[Opening RECORDS FOR THE EXERCISE section]
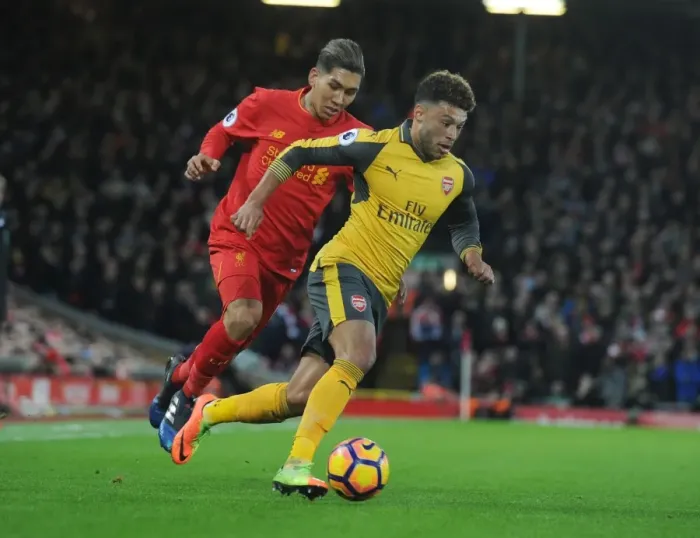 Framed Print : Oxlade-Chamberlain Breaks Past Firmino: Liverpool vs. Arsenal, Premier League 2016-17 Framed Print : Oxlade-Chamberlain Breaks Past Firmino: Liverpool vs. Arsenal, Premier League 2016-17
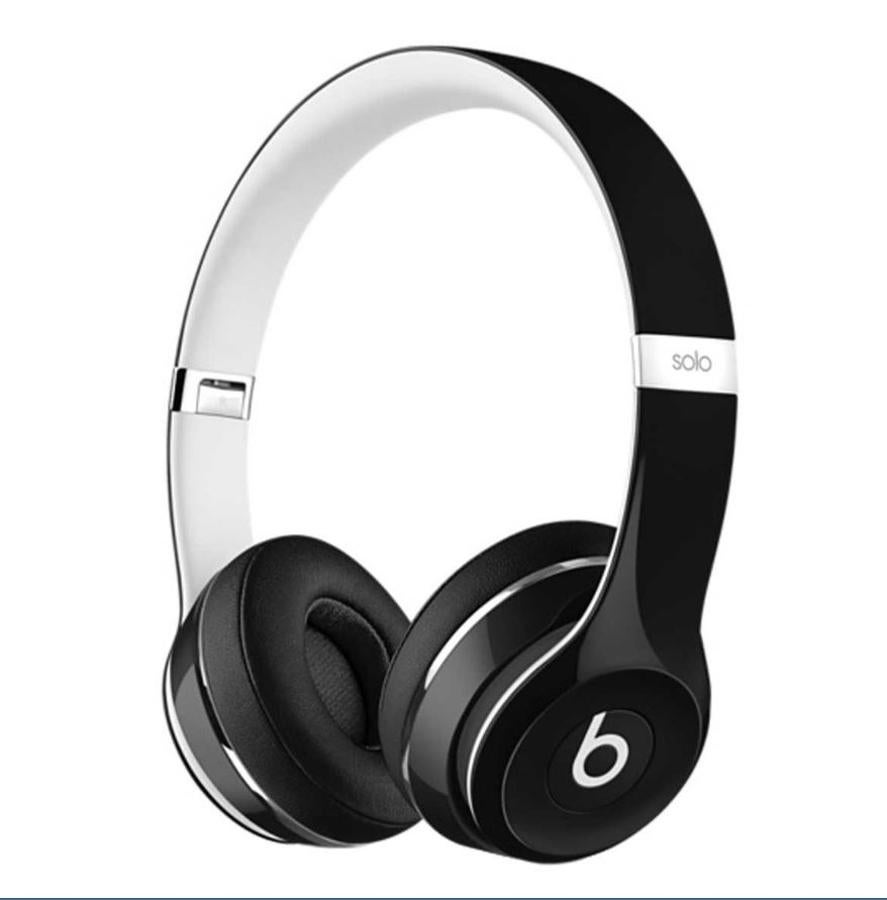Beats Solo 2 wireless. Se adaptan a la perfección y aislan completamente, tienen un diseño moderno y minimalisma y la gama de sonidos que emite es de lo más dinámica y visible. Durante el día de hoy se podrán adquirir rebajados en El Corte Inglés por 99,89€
[Closing RECORDS FOR THE EXERCISE section]
[Opening RECORDS FOR THE EXERCISE section]
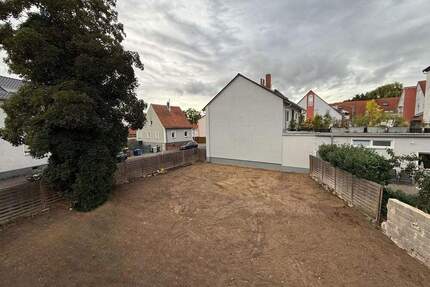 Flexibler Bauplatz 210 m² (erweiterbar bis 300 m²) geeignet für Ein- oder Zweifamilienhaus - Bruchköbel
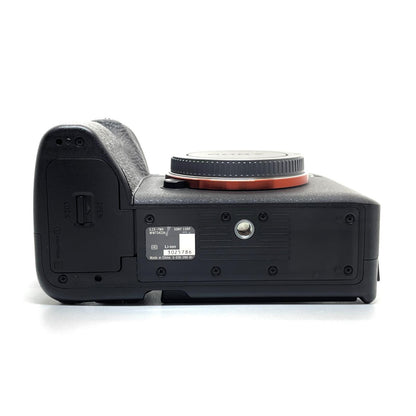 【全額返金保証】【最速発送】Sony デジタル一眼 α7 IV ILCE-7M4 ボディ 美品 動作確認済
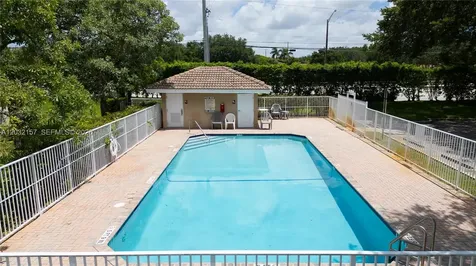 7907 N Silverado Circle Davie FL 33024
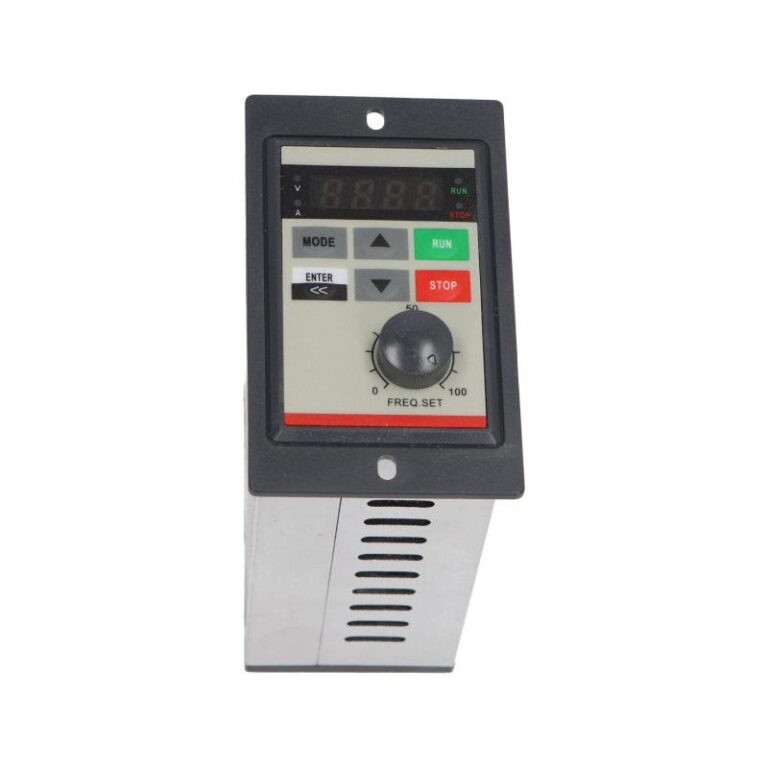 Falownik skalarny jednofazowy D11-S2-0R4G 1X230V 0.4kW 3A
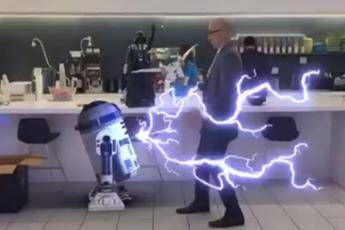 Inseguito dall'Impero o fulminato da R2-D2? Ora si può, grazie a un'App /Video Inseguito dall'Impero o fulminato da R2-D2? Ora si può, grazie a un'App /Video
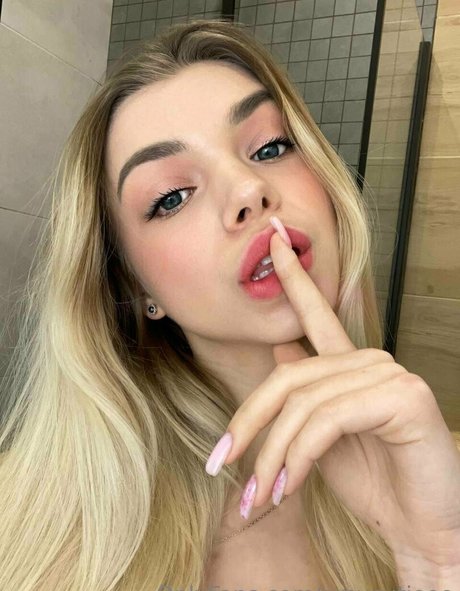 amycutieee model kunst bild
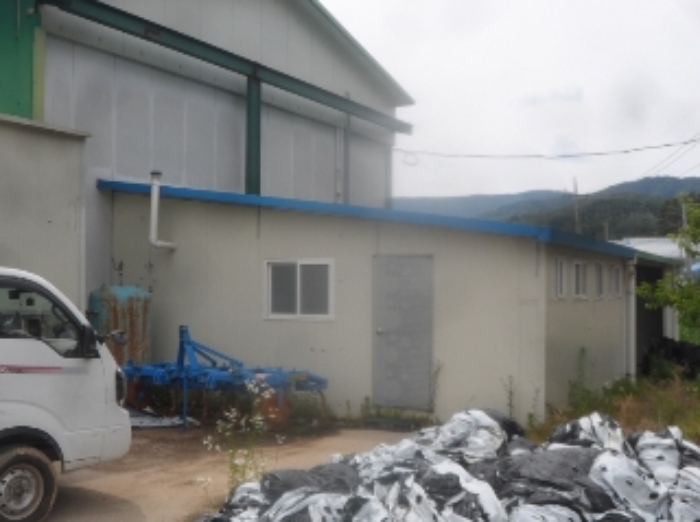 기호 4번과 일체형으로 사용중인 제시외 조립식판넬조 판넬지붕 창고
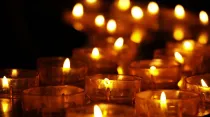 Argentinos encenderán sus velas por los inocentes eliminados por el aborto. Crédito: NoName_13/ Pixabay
[Closing RECORDS FOR THE EXERCISE section]
AIM OF THE EXERCISE » Reproduce, word for word, only the lines in the records above from the line with "League 2016-17 Framed" through the line with "Beats Solo 2", including both ends; omit the pictures.

TASK SOLUTION »
 Framed Print : Oxlade-Chamberlain Breaks Past Firmino: Liverpool vs. Arsenal, Premier League 2016-17 Framed Print : Oxlade-Chamberlain Breaks Past Firmino: Liverpool vs. Arsenal, Premier League 2016-17
Beats Solo 2 wireless. Se adaptan a la perfección y aislan completamente, tienen un diseño moderno y minimalisma y la gama de sonidos que emite es de lo más dinámica y visible. Durante el día de hoy se podrán adquirir rebajados en El Corte Inglés por 99,89€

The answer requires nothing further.